• ABOUT THIS EXERCISE: When the string "with" appears in a line of the records, show the whole line.

• DATA FOR THIS EXERCISE:
Content starts

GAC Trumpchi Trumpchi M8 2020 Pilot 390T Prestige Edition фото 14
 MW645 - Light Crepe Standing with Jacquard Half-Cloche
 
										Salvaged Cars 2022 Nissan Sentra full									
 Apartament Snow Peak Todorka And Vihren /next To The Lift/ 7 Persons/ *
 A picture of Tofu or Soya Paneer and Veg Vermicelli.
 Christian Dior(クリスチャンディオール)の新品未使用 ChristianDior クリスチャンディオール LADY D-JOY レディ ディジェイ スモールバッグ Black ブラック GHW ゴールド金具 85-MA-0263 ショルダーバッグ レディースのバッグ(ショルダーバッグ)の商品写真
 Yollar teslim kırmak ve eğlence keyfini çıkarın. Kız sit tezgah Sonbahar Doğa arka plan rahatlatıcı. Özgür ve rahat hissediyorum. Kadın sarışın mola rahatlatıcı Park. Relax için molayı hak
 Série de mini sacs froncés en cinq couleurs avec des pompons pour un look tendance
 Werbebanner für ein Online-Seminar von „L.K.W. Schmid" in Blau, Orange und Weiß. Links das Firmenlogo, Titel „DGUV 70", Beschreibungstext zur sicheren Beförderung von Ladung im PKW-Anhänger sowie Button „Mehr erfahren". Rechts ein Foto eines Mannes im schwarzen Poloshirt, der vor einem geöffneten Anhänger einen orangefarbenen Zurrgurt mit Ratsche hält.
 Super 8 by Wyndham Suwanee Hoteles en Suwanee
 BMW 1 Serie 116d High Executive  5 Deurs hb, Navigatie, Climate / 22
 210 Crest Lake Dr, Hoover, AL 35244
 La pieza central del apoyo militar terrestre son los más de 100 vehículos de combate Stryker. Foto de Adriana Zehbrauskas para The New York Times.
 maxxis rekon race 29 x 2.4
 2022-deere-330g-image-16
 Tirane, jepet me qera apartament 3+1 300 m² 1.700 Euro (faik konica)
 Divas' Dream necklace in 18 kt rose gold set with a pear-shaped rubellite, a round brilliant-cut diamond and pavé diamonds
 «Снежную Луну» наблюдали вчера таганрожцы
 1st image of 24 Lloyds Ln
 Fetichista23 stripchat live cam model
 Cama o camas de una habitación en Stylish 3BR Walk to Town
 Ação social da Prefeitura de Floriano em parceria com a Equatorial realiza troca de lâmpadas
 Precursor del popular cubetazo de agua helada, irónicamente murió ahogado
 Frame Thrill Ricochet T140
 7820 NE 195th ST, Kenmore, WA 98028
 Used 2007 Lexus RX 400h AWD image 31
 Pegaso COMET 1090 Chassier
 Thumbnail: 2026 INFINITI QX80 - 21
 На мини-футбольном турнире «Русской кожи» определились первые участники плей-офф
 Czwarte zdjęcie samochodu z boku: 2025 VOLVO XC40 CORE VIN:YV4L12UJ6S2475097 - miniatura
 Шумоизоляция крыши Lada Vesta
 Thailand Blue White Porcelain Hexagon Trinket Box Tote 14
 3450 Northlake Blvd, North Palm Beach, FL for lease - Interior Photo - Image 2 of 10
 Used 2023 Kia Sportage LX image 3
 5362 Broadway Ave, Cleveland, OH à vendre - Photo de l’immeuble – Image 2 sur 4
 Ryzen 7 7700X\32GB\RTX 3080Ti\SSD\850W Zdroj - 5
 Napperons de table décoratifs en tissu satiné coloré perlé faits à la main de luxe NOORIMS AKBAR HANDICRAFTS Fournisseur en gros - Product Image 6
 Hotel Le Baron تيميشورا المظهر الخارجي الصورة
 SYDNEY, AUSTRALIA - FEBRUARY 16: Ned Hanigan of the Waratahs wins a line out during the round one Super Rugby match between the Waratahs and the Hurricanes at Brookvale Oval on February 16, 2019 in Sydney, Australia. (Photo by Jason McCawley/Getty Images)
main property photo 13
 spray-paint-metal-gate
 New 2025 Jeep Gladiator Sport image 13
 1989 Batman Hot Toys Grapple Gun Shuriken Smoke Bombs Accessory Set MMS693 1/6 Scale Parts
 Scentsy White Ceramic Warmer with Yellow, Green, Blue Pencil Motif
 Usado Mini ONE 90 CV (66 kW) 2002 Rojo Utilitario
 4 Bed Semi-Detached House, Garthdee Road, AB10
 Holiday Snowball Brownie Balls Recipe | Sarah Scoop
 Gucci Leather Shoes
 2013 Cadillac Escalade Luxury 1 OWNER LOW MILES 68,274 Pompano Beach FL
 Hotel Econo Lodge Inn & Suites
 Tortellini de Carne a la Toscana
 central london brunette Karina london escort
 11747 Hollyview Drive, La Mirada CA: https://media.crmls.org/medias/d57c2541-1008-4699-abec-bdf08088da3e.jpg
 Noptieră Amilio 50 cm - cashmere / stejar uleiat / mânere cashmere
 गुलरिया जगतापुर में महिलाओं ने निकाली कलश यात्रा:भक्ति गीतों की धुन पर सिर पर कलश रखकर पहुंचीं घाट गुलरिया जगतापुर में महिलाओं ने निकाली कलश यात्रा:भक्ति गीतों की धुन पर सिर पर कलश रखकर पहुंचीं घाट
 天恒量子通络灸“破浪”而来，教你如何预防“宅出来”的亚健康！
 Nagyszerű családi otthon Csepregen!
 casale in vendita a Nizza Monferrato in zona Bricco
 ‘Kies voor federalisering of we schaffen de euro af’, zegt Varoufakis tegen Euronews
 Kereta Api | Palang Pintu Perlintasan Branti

Content ends

• EXPECTED ANSWER:
 MW645 - Light Crepe Standing with Jacquard Half-Cloche
 Divas' Dream necklace in 18 kt rose gold set with a pear-shaped rubellite, a round brilliant-cut diamond and pavé diamonds
 Scentsy White Ceramic Warmer with Yellow, Green, Blue Pencil Motif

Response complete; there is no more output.